We didn’t even realize we were doing it, but we had been tricked into viewing college football through the lens of the bosses — the schools, the NCAA, the coaches — and ignored the interests of the players.
Think about the “problems” you see with the new player freedoms. How will coaches manage their rosters if everyone transfers? What if a rich guy wants to pay players to come to his school? What if a player attends three schools in four years or something?
These might be problems, but they aren’t your problems. The correct answer to each of these questions is simple: So what?
If a coach can’t convince a player to stay at his school, or if boosters can’t pay him what the market says he’s worth, then maybe it’s time for the kid to look at other options. That’s how billion-dollar industries work. In the old days, a backup would be expected to show blind loyalty and stick around to run on the scout team and provide roster depth. Today, he has the chance to improve his lot at a different school.
The better questions are the obvious ones: Why shouldn’t college kids be allowed to receive money for their talent? Why shouldn’t they be free to choose where they want to go to college?
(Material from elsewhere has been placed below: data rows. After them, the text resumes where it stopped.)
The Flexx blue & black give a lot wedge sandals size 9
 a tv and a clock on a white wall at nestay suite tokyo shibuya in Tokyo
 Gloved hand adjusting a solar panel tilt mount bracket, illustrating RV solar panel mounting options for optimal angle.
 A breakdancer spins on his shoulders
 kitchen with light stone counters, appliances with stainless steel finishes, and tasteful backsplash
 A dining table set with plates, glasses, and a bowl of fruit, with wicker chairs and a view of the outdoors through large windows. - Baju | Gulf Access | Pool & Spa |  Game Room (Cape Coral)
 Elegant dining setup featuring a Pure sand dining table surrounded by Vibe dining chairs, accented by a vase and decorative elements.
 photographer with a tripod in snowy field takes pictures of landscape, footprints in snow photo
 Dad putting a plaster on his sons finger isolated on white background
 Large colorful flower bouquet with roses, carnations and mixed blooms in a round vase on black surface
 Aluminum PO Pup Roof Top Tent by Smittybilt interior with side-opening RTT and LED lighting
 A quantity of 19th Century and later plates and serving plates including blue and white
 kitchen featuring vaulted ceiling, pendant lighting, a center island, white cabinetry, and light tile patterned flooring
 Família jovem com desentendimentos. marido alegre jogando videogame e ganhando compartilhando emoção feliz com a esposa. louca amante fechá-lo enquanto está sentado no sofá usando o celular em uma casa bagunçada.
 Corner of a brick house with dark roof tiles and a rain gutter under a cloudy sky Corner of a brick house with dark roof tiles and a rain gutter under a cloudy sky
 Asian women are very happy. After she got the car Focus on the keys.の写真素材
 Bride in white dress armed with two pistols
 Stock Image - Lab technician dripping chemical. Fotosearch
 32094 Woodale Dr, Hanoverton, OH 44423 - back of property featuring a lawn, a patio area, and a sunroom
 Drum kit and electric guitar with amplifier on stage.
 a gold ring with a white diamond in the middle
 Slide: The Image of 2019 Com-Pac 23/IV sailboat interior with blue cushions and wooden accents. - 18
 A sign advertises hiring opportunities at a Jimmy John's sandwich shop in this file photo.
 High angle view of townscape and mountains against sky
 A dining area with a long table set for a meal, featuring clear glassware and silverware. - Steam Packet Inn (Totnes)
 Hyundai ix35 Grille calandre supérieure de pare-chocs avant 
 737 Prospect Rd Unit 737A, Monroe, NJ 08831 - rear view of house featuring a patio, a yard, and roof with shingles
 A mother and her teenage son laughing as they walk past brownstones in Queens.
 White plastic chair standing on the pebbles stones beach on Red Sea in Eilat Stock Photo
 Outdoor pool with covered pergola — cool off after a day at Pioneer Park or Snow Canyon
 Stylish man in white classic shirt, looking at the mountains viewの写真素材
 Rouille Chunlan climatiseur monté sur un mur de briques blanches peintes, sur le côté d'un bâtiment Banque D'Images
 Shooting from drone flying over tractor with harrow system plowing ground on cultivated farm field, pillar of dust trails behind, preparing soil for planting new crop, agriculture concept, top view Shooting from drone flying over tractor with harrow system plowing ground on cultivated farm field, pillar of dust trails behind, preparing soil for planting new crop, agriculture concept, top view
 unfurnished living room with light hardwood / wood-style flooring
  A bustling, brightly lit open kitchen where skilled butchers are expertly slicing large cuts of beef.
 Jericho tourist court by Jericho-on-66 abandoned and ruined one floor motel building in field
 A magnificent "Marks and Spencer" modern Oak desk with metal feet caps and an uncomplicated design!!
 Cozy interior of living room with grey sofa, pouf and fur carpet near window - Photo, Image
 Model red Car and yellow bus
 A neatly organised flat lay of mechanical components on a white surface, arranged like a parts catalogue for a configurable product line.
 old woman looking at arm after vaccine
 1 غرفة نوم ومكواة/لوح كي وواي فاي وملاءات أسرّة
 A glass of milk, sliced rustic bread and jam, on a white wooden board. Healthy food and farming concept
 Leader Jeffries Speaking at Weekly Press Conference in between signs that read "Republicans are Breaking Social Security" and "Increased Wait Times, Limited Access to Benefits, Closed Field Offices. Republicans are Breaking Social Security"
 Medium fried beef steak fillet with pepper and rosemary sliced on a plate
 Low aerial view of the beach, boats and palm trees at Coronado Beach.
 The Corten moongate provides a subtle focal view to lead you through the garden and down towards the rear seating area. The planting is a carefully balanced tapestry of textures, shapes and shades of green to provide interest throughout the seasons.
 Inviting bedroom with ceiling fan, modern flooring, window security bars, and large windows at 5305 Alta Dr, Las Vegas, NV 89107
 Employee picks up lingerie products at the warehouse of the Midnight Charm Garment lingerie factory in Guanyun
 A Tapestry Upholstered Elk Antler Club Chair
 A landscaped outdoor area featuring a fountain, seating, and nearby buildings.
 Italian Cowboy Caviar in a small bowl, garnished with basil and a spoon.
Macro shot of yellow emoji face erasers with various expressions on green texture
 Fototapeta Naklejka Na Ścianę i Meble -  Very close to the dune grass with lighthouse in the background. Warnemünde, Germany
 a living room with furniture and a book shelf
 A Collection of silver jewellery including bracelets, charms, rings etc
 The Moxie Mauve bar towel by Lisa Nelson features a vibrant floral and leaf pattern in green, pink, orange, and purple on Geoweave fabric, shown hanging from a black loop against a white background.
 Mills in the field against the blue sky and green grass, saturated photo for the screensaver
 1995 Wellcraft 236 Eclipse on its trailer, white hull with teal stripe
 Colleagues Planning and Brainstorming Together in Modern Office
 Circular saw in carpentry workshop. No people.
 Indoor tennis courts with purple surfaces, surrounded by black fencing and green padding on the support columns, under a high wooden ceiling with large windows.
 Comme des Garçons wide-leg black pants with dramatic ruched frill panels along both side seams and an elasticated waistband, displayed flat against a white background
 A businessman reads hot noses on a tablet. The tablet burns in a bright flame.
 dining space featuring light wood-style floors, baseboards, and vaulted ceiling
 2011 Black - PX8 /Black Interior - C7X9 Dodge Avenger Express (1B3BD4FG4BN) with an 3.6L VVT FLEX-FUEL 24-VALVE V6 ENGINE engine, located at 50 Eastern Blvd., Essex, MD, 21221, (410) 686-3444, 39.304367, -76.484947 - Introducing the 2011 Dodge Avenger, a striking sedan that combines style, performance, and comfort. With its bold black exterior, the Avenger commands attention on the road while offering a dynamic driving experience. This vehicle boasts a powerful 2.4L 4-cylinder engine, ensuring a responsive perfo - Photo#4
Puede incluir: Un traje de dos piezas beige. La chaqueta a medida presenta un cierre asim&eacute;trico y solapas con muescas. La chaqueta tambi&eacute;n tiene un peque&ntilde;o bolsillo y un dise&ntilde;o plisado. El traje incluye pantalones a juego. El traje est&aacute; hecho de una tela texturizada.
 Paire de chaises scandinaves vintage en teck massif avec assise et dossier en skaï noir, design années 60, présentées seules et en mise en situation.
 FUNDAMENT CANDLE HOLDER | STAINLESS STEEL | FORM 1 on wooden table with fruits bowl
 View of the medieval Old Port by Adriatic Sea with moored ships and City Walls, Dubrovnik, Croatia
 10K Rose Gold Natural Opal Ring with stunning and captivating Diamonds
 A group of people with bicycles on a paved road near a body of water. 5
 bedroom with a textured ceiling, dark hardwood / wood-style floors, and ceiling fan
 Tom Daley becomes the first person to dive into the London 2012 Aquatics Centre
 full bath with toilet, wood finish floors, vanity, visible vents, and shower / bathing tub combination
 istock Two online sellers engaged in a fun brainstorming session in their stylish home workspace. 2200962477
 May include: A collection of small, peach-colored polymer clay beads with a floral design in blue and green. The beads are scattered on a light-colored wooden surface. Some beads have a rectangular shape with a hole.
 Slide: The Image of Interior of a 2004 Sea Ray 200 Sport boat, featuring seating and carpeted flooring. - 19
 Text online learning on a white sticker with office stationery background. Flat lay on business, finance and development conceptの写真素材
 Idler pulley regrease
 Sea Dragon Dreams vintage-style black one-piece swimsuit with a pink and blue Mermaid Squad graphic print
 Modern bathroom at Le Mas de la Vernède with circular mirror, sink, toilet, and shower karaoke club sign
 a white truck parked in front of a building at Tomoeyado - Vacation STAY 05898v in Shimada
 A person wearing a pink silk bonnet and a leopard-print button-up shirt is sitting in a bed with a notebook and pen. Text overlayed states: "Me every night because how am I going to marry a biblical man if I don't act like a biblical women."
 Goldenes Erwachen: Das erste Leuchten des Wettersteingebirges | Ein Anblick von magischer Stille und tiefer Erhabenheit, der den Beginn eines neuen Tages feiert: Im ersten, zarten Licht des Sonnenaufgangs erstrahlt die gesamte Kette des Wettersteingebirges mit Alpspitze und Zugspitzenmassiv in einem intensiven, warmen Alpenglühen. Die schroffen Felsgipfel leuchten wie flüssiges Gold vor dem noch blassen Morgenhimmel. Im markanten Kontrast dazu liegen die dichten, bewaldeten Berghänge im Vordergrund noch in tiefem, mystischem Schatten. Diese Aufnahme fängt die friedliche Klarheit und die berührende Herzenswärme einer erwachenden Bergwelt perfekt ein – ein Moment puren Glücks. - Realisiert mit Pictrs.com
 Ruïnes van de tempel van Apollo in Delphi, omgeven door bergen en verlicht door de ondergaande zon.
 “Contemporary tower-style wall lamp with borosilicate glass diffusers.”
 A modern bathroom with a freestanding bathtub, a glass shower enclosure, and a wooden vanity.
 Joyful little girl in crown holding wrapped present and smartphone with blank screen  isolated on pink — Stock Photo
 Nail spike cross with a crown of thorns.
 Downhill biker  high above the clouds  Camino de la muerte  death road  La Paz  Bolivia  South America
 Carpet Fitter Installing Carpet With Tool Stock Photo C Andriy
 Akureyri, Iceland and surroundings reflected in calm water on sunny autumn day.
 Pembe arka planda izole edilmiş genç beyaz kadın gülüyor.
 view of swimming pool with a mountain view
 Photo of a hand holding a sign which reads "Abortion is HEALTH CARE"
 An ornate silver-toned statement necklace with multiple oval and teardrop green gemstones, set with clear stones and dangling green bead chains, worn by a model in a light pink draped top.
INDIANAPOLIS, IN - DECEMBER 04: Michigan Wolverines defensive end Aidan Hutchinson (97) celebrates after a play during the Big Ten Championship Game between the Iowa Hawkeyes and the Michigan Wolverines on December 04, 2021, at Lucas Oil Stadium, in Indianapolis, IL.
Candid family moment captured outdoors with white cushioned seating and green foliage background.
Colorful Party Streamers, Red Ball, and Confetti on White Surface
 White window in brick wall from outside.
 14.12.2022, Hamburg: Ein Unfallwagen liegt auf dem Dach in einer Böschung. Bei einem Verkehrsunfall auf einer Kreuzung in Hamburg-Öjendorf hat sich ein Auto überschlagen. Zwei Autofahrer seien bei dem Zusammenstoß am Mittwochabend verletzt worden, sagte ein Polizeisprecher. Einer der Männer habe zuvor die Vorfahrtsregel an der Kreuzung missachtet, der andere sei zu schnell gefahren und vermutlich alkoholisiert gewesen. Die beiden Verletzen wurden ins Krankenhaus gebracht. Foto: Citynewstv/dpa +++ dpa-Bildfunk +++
The transfer portal isn’t harming the game, it’s just rearranging the pieces on the board. Every kid who transfers out of a school is transferring in to another one. It’s a zero-sum game, and finally the players have a chance to play.
The following appeared in The Athletic on August 30, 2019, about a year after the transfer portal went live.
August 30, 2019
Dear Faux Pelini,
Can you explain what the transfer portal is and why coaches hate it?
Tom H.
Dear Tom,
The transfer portal is college football’s fancy invention that allows a player to publicly declare his desire to leave his school for a new one and to be proactive about improving his situation and his future.
So of course coaches hate it.
Coaches will tell you that the transfer portal is bad for college football, but what they really mean is that it’s bad for them. The only thing football coaches love as much as money, power and fame is control — especially over their roster and players.
Of course, the transfer portal doesn’t change college football at all, it just rearranges it a bit. But many agree with Toledo/Michigan State/LSU/Alabama coach Nick Saban, who believes a player shouldn’t be able to switch schools without consequences.
Why are coaches like this? Because we make them that way, Tom. We give coaches fame and riches and power, and the portal makes it harder for them to keep those things. So why should they like it?
If someone gave you an ice cream cone and then took it away five minutes later, you’d be mad even if it didn’t make sense. We’re trying to take away the coaches’ ice cream cones. How did we expect them to react?
And that’s why we shouldn’t care what coaches think about the transfer portal any more than we care what a toddler thinks about broccoli. They can whine all they want but they’re going to eat it. Or no ice cream.
I love ice cream.
"Toledo/Michigan State/LSU/Alabama coach Nick Saban"
You have an impressive way of making points without being loud or obvious about it. I appreciate that level of wit and trust in your readers.